State police now national imperative— US-based officer, Alade

Former U.S.-based police officer and public policy analyst, Monday Alade, warned yesterday that Nigeria has reached a defining security crossroads and must urgently embrace structural reforms, beginning with the creation of state police, if it is to respond credibly to rising global concern over insecurity across the country.

Alade’s position followed a high-level meeting last week between the United States Secretary of Defense, Pete Hegseth, Nigeria’s National Security Adviser, NSA, Mallam Nuhu Ribadu, and Senior Advisor, Sean Parnell, at the Pentagon, where the U.S. pressed Nigeria to demonstrate “concrete and urgent action” in tackling jihadist networks and protecting vulnerable populations.

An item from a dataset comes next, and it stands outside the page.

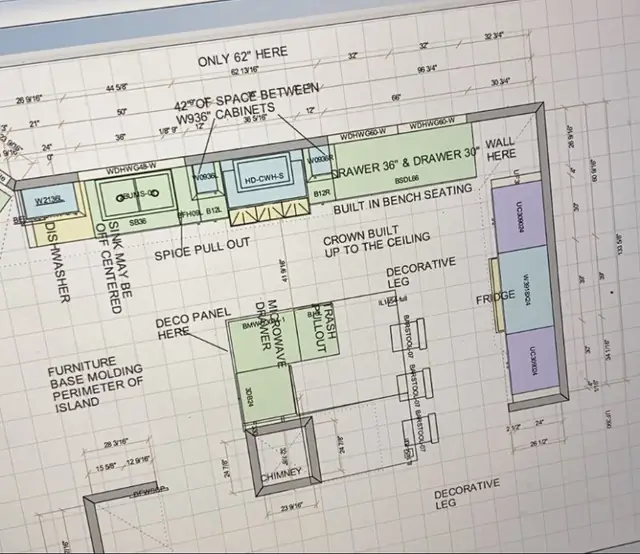 Paula Kinney's annotated kitchen floor plan, hand marked with cabinet dimensions, a spice pull-out and built in bench seating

Although the U.S. noted that attacks against Christians in Nigeria didn’t constitute state-sponsored persecution, the concern, he said, reflected the uncomfortable reality that churches, much like mosques, markets, schools, palaces, and transport hubs, had increasingly become soft targets in a nationwide wave of extremist violence.

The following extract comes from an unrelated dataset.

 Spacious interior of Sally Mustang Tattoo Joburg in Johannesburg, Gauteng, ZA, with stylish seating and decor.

According to Alade, the development signals that Nigeria’s security performance is now under global evaluation and that cosmetic changes will no longer suffice.

Reacting to the U.S. position, Alade said the most urgent reform Nigeria must now implement was the decentralisation of the police system to allow states establish their own policing formations.

“Nigeria is the only major federal system in the world that still operates a fully centralised police structure.”

With more than 220 million people spread across diverse terrain and cultures, a one-size-fits-all security model can no longer protect the country,’’ he said.

He argued that the disconnect between local realities and a centralised command has fuelled slow response times, weak intelligence gathering, limited community trust and a pattern where every security failure was blamed on the President, even in remote areas far removed from federal control.

“State police will correct this imbalance.  It will empower governors to secure their states, free the President from impossible expectations, and allow communities to work with officers who understand their terrain, language and cultural context,’’ he said.

Alade noted that the Pentagon’s message underscored a broader shift, which is that  Nigeria must now demonstrate measurable reforms to strengthen internal security, particularly against extremist violence targeting vulnerable groups

He said:  “Such expectations cannot be met through outdated structures.  The world is watching Nigeria’s response, and state police is the strongest signal we can send to show readiness for modern, intelligence-driven security.”

He said his professional experience across multiple countries, ranging from the U.S. to Israel, Brazil and the U.K, showed that decentralised policing improved accountability, strengthened intelligence penetration, and enhanced response time.

“Nigeria cannot defeat 21st-century threats with a 20th-century policing model,” he insisted.